*** Working data ***

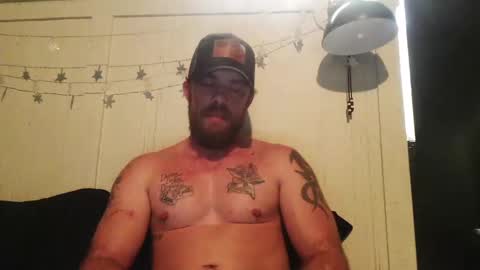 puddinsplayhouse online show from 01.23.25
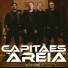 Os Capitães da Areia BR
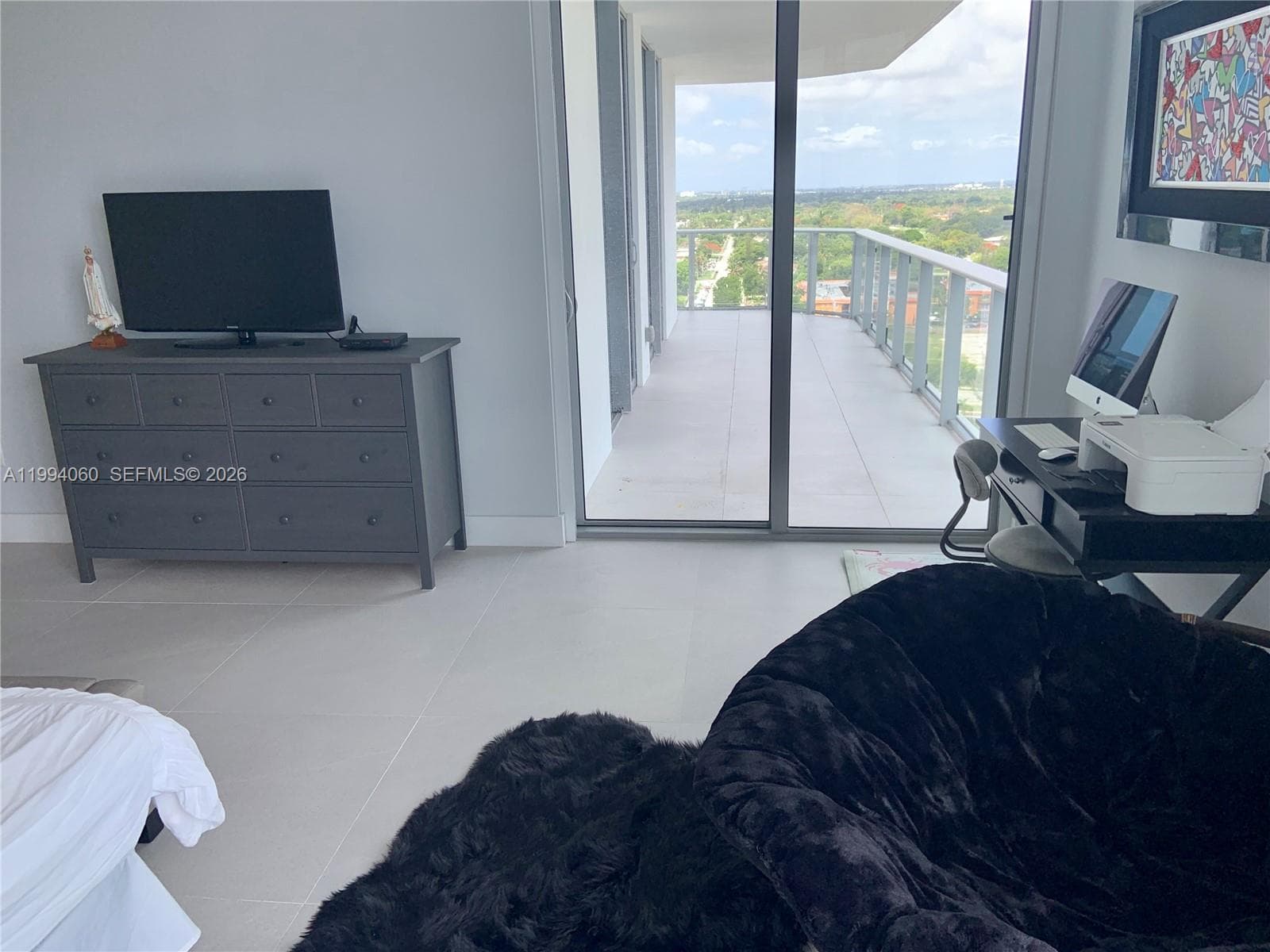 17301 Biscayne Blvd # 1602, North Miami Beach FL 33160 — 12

*** End of Working data ***
*** Working data ***

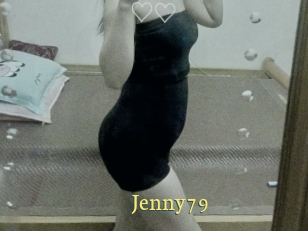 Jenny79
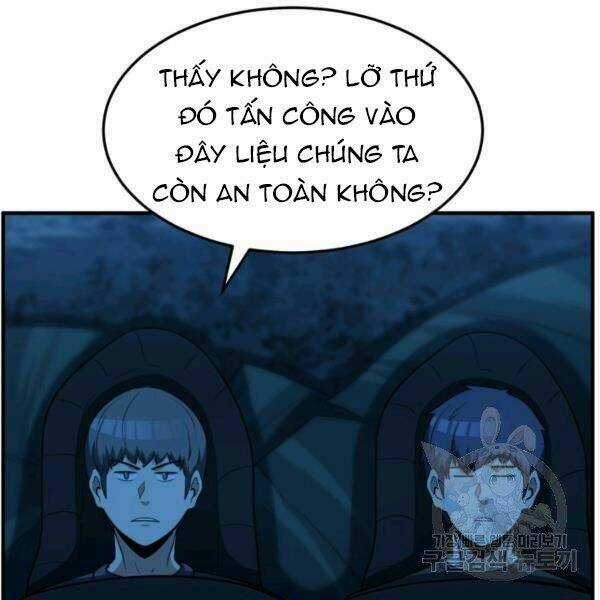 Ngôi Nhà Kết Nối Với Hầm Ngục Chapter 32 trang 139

*** End of Working data ***
*** Working data ***

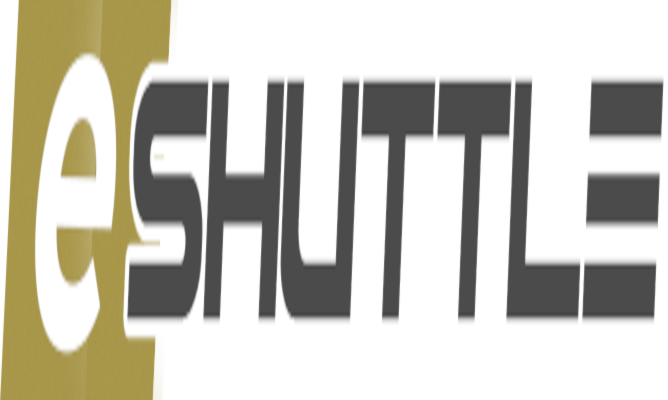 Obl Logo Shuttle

*** End of Working data ***

### Your assignment
Above are some records; quote exactly and only the lines that begin at the line containing "puddinsplayhouse online show from 01.23.25" and stop after the line containing "17301 Biscayne Blvd", leaving out the pictures.

### Solution for this exercise
 puddinsplayhouse online show from 01.23.25
 Os Capitães da Areia BR
 17301 Biscayne Blvd # 1602, North Miami Beach FL 33160 — 12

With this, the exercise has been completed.